**WORK TO COMPLETE:** Before you write out the listing, remove the pictures; everything else stays exactly as it is.

**INFORMATION SHOWN:**
# # # # # # #

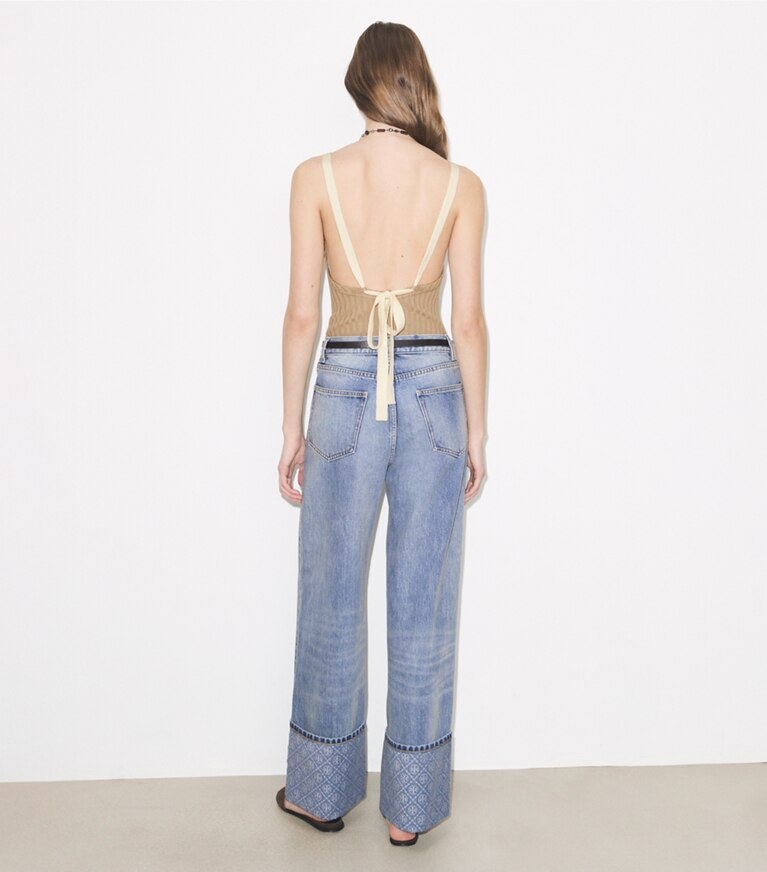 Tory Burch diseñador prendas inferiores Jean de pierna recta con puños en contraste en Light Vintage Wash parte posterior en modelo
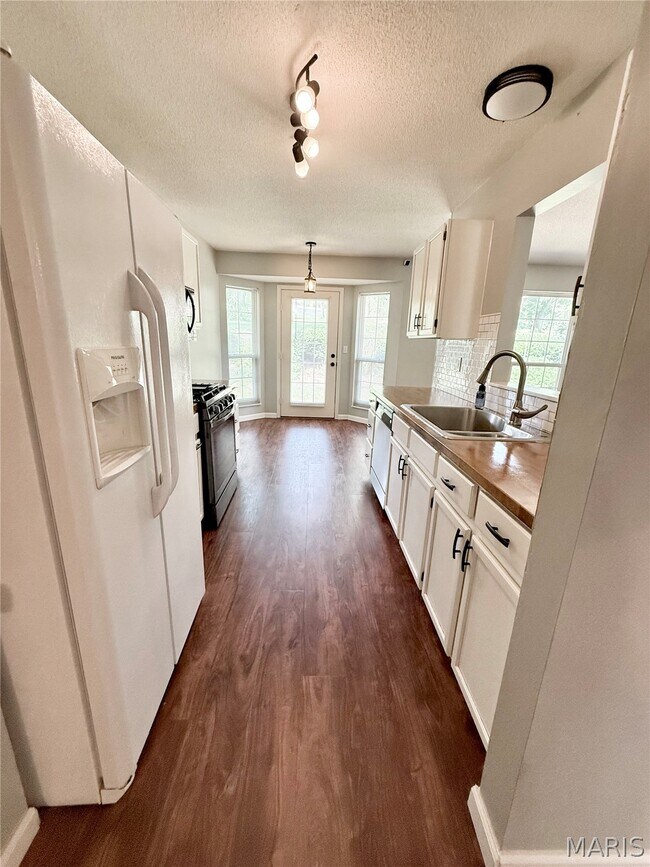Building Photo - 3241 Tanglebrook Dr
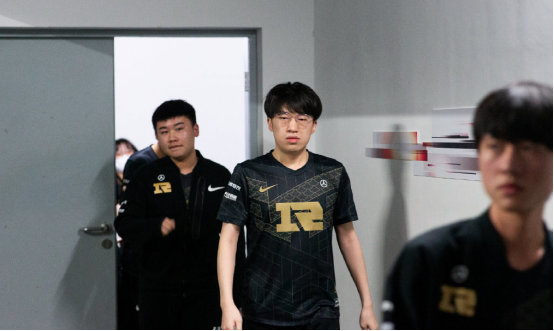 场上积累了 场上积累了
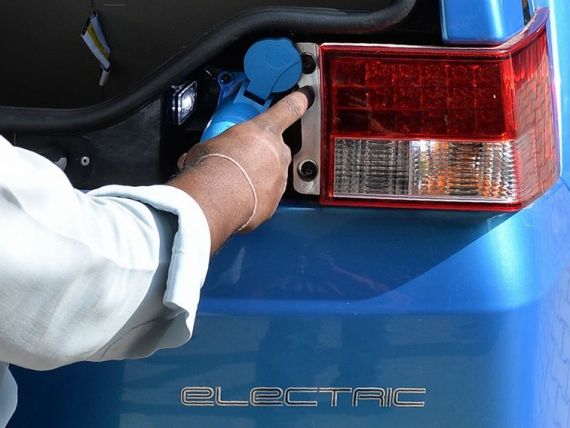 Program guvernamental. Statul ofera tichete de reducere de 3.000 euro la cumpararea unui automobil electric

# # # # # # #

**RESPONSE TO THE EXERCISE:**
 Tory Burch diseñador prendas inferiores Jean de pierna recta con puños en contraste en Light Vintage Wash parte posterior en modelo
Building Photo - 3241 Tanglebrook Dr
 场上积累了 场上积累了
 Program guvernamental. Statul ofera tichete de reducere de 3.000 euro la cumpararea unui automobil electric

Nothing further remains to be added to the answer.